Nous savons maintenant que la danse, que le chant, que le rythme, et donc fondamentalement la musique, ont été le soleil de notre drame collectif. Dans l’horreur du bateau négrier ou dans l’enfer des plantations, c’est d’abord la musique qui a nourri notre résistance inaugurale et qui, plus largement, a amplifié les assises de notre conscience individuelle, puis de notre âme collective. Notre musique, faisant soleil, a fait lever une belle aurore sur notre apparition comme peuple et comme nation, et sur notre devenir.
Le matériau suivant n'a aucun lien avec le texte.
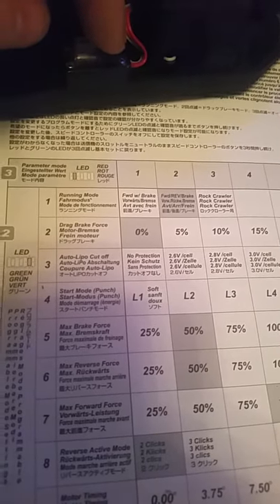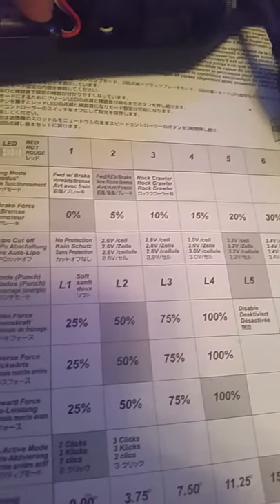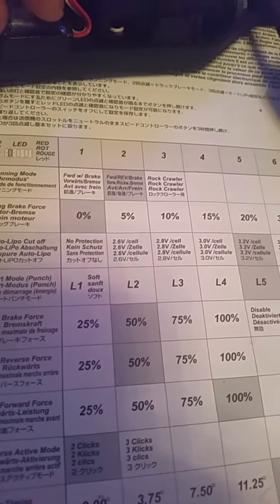2 bleeps means it's on 50%. Press the button — 3 beeps, 75%. Button again — 4 beeps. Button again — disable. Back to 2. Switch it off.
Chanter, danser, faire rythmes et faire musique, sont des forces poétiques. Elles sont au principe de ce que nous étions, et de ce que nous sommes aujourd’hui. C’est l’élargissement des bases de la conscience par les forces poétiques qui permet d’accéder aux amplitudes de la lucidité, et donc à toute vraie résistance aux négativités. Si la lucidité s’éloigne de sa base poétique, elle devient amère et stérile ; si elle se perd dans sa base poétique, elle n’est plus qu’une de ces perceptions qui restent vaines, inaccomplies. Le chant, la danse, le rythme, la musique, peuvent donc s’élever dans la lucidité féconde où les peuples se construisent, mais ils peuvent aussi verser dans les insignifiances du seul divertissement où les peuples s’abiment.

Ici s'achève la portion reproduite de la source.